The boxes also can compete with one another. The greater your success in the present, the more difficulty you will have in executing breakthrough strategies for the future – a problem he calls “the success trap.” As for ditching existing activities, we all know how difficult that can be, yet failing to address the matter can limit your success today and tomorrow.
In Box 1, you run the core business at peak efficiency. Innovation occurs but it’s linear, taking place within the existing business model to extend brands and improve product offerings. The focus is on short-term customer needs and optimizing operations for efficiency and cost. Leaders set challenging goals, analyze data to spot and address exceptions, and create a culture for high-level execution.

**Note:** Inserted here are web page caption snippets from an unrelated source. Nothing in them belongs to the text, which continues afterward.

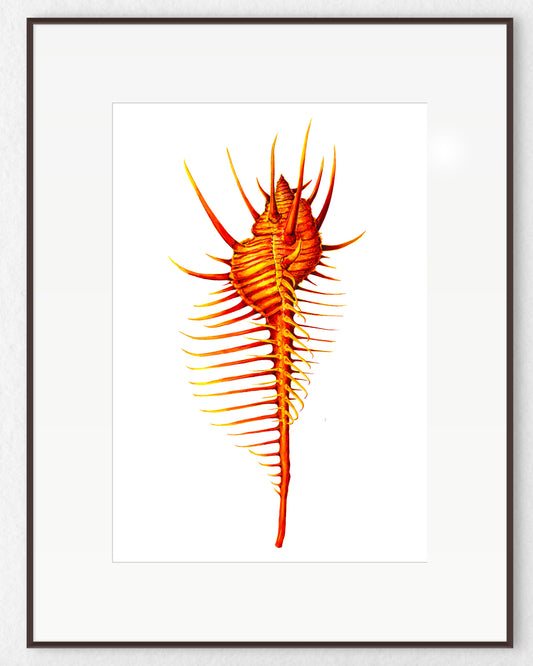 RED VENUS COMB MUREX SHELL - original watercolour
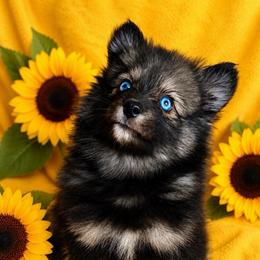 Cassiopeia - Wolf sable female Pomsky puppy in Rhome, Texas from TyeDye Kennels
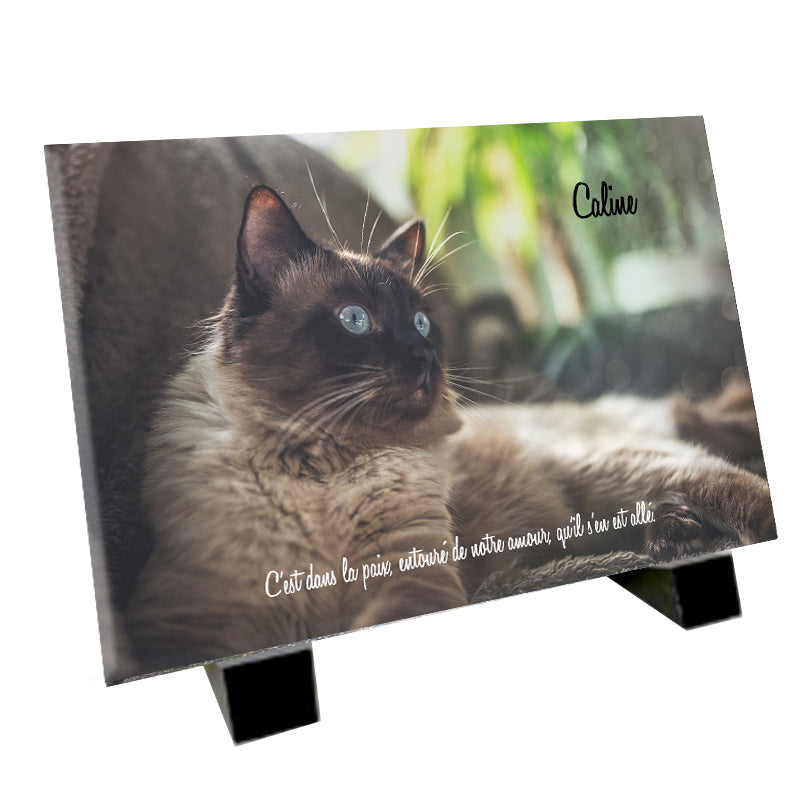 Plaque funéraire représentant un Ragdoll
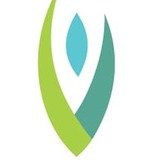 Vitalita Fisioterapia - logo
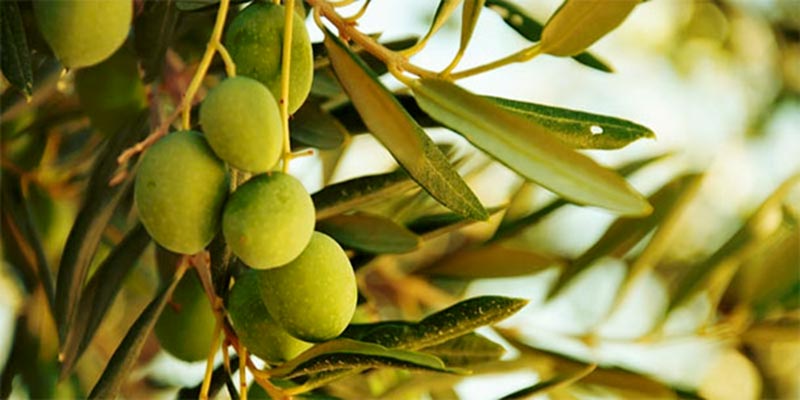 La saison de la cueillette des Olives a commencé à Gabès 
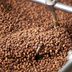 The Best City for Coffee Was Just Announced—and It's Not Seattle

The future is actually built in Box 2, he says, where you let go of past practices, habits, activities and attitudes. That creates space and frees up resources that can be used to support unusual, non-linear ideas. But the past always fights back, he warns, and you will need to be prepared to make tough calls about the values you need to leave behind for success in the future, while remembering that some values are still needed for Box 1.
Box 3 is for experimentation and innovation, looking for a non-linear breakthrough that can take you to new heights. It involves learning new things and hedging risks, testing assumptions not only on the product you have in mind, but also the business model and market you hope to develop.
“It’s not always obvious which ideas to pursue first – you need a method to gauge relative value and priority,” he notes. Success rates will be low, so expect that. And don’t trim your sails on Box 3 projects in a downturn, he warns. Judge how you are faring in this box not by revenue but the quality and pace of discovery from experiments.
To keep it simple, he offers these guiding principles:
- You should engage in both linear (Box 1) and non-linear (Box 3) innovations to ensure success in the future.
- Success in Box 1 is the primary inhibitor of taking bold action in Box 3. “You must develop the discipline of selectively forgetting the past (Box 2) or the past will prevent you from creating the future,” he writes.
- Organizing current business models in Box 1 and creating new business models in Box 3 must be pursued simultaneously. That’s tricky, since they call for different activities, skills, methods, metrics, mindsets, and leadership approaches.
- Managing the three boxes is not a flavour-of-the-month project but a long-term journey. It’s endlessly cyclical – you are always preserving the present, destroying the past, and building the future if you want to be successful. “Businesses fail at it when they are sporadic rather than continuous in seeking balance. Like gardens that need regular watering and weeding, each box requires ongoing attention,” he notes.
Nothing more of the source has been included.